Solacers: a memoir by Arion Golmakami

I really loved this book! Golmakami voice brings a captivating depth to his early life’s journey.

It is written with courage, honesty, love, and hope. The boy’s life story is unnervingly entrancing and depressing while also being dramatically fascinating due to his resolve to keep on keeping on. This memoir tells the story of an Iranian boy who becomes an abandoned child as a preschooler. This makes him an orphan. It is complicated because both of his parents are alive and have families they are raising, yet he is not a part of either of their families. Conditions get arranged from time to time to attempt to have him housed, yet he is absolutely abandoned emotionally, physically and financially.

You will want to read this book because this little boy is resourceful, observant and loving – even with the isolation and hardship he is facing.

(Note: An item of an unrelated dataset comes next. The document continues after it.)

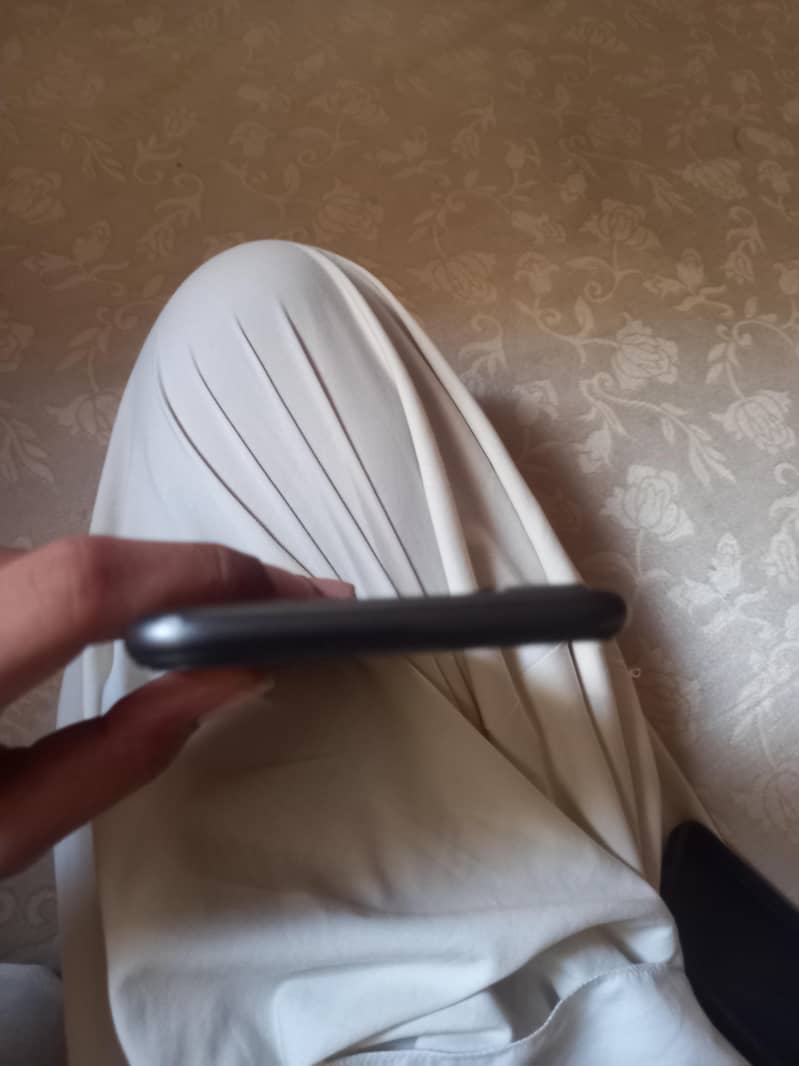 Apple iPhone 8 Plus 4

He is a boy with dreams: Dreams that most anyone would discount as impossibly unreasonable. Those dreams and some good fortune allowed him to survive. Yes, survive, there were many real threats to him that could have led to his end.

As you read, be prepared for hardship, disaster, pain, desperation and unfulfilled promise. And be willing to envelop yourself in this young boy’s journey. This memoir will allow you to witness an unimaginable passage through childhood. This child’s resilience is tangible.

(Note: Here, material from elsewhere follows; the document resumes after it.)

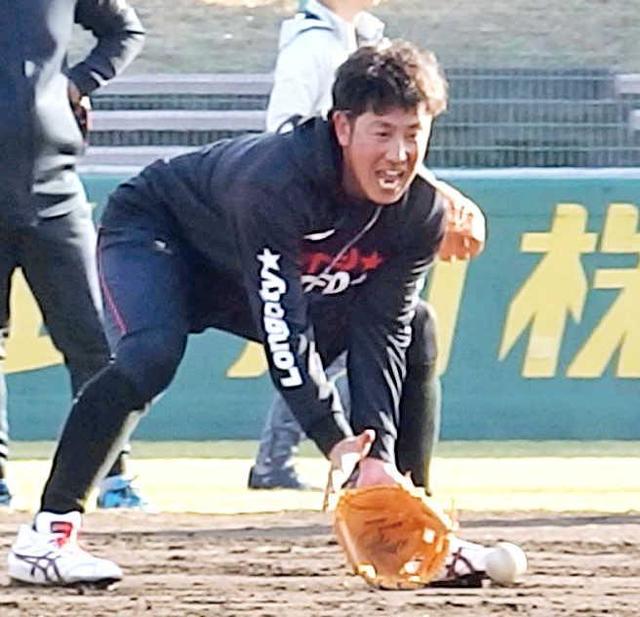 楽天・藤田「ショートで立つ」二塁手の浅村加入でコンバート準備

It was a finalist for Best Nonfiction-Stanford University Libraries- William Saroyan International Prize for Writing in 2012. Golmakami published this memoir when he was 55 years old and it covers his early years through his 17 year.

Here quotes that I found powerful and want to share.

The author writes: “Why couldn’t I have a home like his (referring to his father) children and my mother’s children?”

“While I never stopped longing for a place to call home, after two years of wondering from place to place, I had come to accept my circumstances and it didn’t matter where I was being taken anymore. At that age (7 years old) I was like water that had been spilled from a fallen pitcher into the ground; all I could do was follow the gravity and hope for a depth large enough to hold me for a while, until such a time that I could grow into a stream of my own and carve my own path through life.”

His is a story of compassionate understanding and with his intentional will to survive. He writes: “There is a unique pleasure found in forgiveness that can never be found in revenge.”

As a ten-year-old,  on his own he explains: “Loneliness, constant hunger, and boredom made every hour of every day weigh a thousand tons.” “Only ten years old and without any money or permanent address to go to, I led the life of an alley cat.” Because of my pride, “I never begged for anything, refused to touch anyone’s food, and asked no one for help.”

Golmakami writes: “I believe those who have spiritually evolved – and by that I do not mean religiously – perceive the world and everyone in it as ‘us,’ as did Momon Bozorg, while the unenlightened souls view the world as ‘me’ and ‘not me,’ while in Momon Bozorg’s spiritually driven view, we were all water of the same ocean separated only by a physical bottle called body.”